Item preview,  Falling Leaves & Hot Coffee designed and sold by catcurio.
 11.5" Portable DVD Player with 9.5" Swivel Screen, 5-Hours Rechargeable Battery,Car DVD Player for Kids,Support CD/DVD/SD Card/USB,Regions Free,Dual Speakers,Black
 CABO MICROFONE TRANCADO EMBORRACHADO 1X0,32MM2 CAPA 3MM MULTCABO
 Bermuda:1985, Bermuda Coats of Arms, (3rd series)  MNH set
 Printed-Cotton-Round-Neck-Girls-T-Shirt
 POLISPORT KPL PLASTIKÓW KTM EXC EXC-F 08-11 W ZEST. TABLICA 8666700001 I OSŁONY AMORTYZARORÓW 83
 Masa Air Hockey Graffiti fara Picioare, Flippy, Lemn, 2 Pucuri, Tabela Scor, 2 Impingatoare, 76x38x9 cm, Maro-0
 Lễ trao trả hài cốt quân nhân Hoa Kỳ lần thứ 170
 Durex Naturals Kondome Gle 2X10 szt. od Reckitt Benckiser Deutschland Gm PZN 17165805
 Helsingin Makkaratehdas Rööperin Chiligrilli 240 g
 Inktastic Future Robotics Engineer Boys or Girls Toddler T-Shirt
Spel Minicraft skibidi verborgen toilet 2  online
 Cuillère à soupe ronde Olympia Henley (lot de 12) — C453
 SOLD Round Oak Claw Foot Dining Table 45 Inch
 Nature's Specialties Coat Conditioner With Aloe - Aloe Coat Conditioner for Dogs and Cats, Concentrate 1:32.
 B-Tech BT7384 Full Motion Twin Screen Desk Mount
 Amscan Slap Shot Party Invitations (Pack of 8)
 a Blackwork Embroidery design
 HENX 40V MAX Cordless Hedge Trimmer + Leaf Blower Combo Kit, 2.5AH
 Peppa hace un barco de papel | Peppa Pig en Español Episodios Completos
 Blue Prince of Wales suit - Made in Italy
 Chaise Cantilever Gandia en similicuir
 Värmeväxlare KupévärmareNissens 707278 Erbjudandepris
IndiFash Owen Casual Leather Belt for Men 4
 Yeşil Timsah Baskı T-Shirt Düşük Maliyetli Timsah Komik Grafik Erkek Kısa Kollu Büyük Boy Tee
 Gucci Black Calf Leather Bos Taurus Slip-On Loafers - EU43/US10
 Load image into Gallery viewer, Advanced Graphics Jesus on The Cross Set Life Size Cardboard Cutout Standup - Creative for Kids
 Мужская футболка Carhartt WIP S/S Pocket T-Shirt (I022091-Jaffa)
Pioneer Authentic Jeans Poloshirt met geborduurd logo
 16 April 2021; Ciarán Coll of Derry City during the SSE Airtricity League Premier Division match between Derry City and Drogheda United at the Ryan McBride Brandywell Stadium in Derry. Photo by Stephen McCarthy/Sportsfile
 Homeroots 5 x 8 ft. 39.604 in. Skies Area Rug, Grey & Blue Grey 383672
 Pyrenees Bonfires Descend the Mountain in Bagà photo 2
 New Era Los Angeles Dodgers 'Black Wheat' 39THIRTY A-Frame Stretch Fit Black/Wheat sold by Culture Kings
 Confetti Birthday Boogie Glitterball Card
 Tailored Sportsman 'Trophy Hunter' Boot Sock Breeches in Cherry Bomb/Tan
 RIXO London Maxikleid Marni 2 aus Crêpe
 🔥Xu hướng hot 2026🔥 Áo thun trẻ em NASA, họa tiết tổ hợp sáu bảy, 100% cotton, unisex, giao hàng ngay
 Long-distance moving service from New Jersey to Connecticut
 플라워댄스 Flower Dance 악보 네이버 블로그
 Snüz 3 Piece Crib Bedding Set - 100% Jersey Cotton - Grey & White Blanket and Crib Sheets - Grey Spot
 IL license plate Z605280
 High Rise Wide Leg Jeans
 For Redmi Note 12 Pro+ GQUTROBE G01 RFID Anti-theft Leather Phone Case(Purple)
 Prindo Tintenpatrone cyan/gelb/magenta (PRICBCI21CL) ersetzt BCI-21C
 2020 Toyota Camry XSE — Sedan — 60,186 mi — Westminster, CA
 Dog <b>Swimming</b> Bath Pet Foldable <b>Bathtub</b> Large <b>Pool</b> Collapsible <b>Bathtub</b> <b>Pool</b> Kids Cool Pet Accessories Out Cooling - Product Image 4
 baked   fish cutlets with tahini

Exercise requirements: From the listing above, return each line with the word "Round".

Result of the task:
 Printed-Cotton-Round-Neck-Girls-T-Shirt
 SOLD Round Oak Claw Foot Dining Table 45 Inch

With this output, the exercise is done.